Mainly_Mostly.pngIt’s Toronto Jazz Festival time again! Time for a few great players from out of town to play with and among the vast pool of equally great Toronto players. It really is eye-opening to look at the listings for the Jazz Festival (torontojazz.com ) and realize just how many of the gigs listed are gigs that happen year round, and would continue happening, festival or no. When it comes to the jazz scene in this city, we truly have an embarrassment of riches. It’s just that around the end of June we get a little richer.

And I will talk about all of that in just a minute, but first, it’s anecdote time.

When I was in high school, I was a big progressive rock geek, which, I know, is utterly unsurprising because a lot of young jazz nerds started off that way. I don’t know why – maybe it was just the challenge – but I loved working out the time signatures of songs in which it wasn’t immediately obvious, or in which the number of beats changed from bar to bar. Of course, this is neither a ubiquitous nor an essential feature of progressive rock, nor is it one exclusive to the genre, but it attracted me nonetheless. And to be frank, while counting odd time signatures fascinated me in high school, I can think of few things more tedious now.

My cousin, also a music geek, offered me a challenge one day. He played me a 20-second sample of bassist (not to be confused with the jazz trumpeter of the same name) Avishai Cohen’s Ever-Evolving Etude from his 2008 album Gently Disturbed, although I didn’t know the title at the time, nor would I have remembered the name. I wasn’t into jazz back then, much less what I was hearing here. It was unlike anything I’d ever heard before. It was unconventional, complex, difficult to parse. The bass and piano threw forth a fury of notes that seemed, to my untrained ear, to have the rhythmic logic and constancy of a person trying to kill a particularly evasive mosquito.

It was chaotic, furious and wonderful.

What kept it grounded for me were the pitches, satisfyingly tonal, and the timbre, new to my ear at the time, of bass and piano playing in unison, to which I am now much more accustomed.

He asked what the time signature was. When I couldn’t figure it out, he said he’d be better off not knowing anyway; how can you enjoy it if you’re counting?

Flash forward six or seven years. I’m in the final year of my music degree and the great New York drummer John Riley is making an appearance at our school. During a large portion of his lecture, Riley deconstructs the very excerpt my cousin had showed me years earlier.

And so, I learned the answer.

I gained a lot from that lecture, but to this day I cannot count the pulse of the Ever-Evolving Etude and certainly couldn’t notate it. Not on my life. And it really is better like that.

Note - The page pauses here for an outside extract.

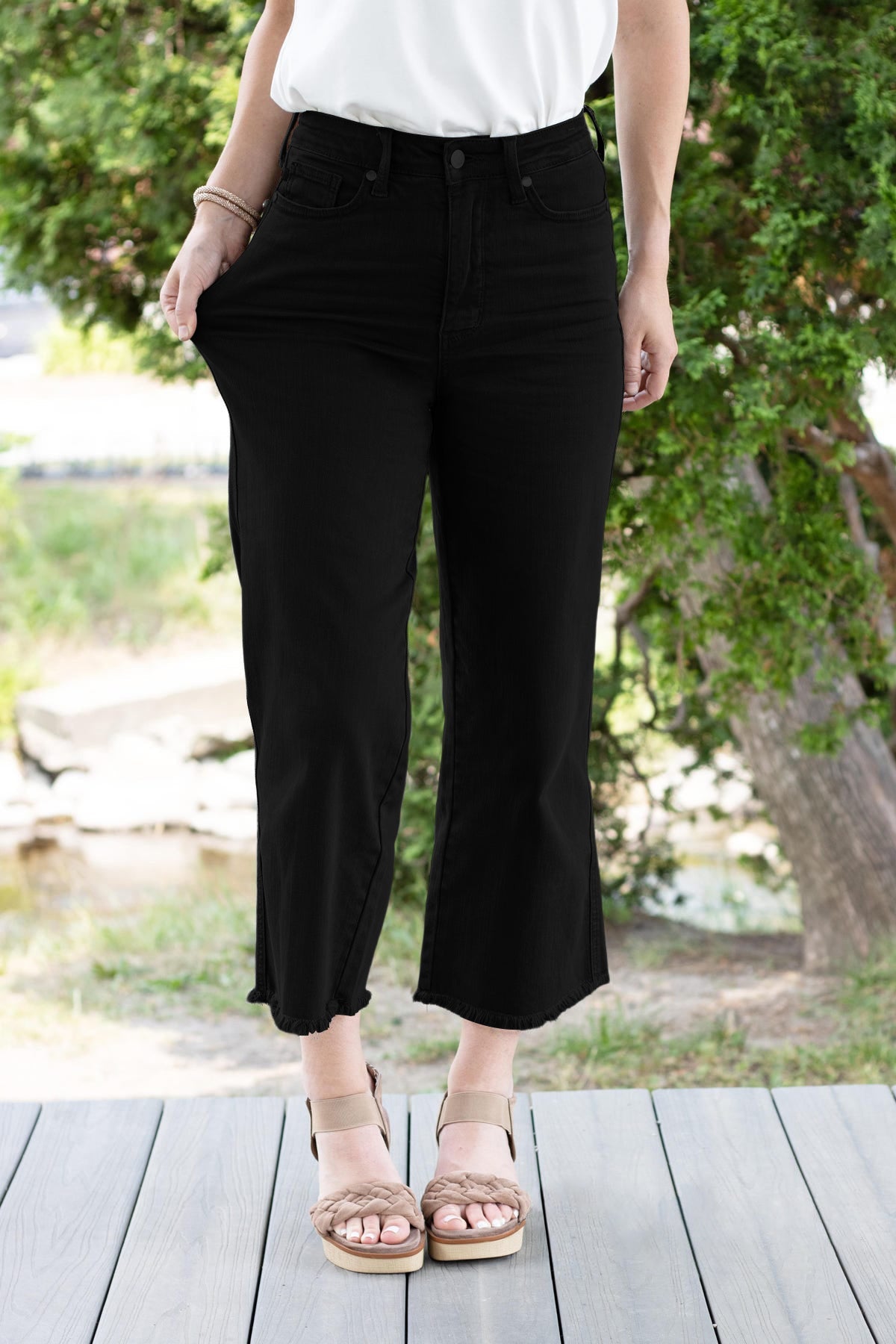 Naotstore - THE BEST High-Rise Tummy Control Wide Leg Denim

As my ears grew (both figuratively and literally), I started to hear Cohen’s music differently. Although I always heard, and still hear, the progressive and fusion elements in it, I started to hear elements of Latin American music; when I hear a heavily syncopated vamp and complex, adventurous percussion, what else comes to mind but salsa? This is especially true on the album Unity, on which Antonio Sanchez, compared by some to an octopus for his remarkable limb independence, is responsible for the drumming.

You can explore Cohen’s music for yourself, in preparation for his Toronto appearance on June 30 at the St. Lawrence Centre.

There’s no shortage of out-of-towners I’m excited to see listed for the festival – among them Laila Biali, Phil Dwyer, Mark McLean’s Playground and Robert Glasper, the latter two of whom I’ve been lucky to see perform in person on more than one delightful occasion – but if I wrote about every single one, I would be here all night.

I also must reluctantly mention that Rich Brown’s rinsethealgorithm, about whom I’ve written in the past, will be playing a reunion show at The Rex on Canada Day after four years apart. I say “reluctantly” because I hate crowds; my rates of happiness are generally inversely proportional to my proximity to strangers’ bodies. Yet I will, and must, bear it for the music: rinsethealgorithm is back, and everyone who wants to know must know. Downbeat at 8pm.

Enjoy the festival, friends. Plan your routes carefully and buy your tickets early. May your ears be well-fed, and may your lines of vision be unobstructed.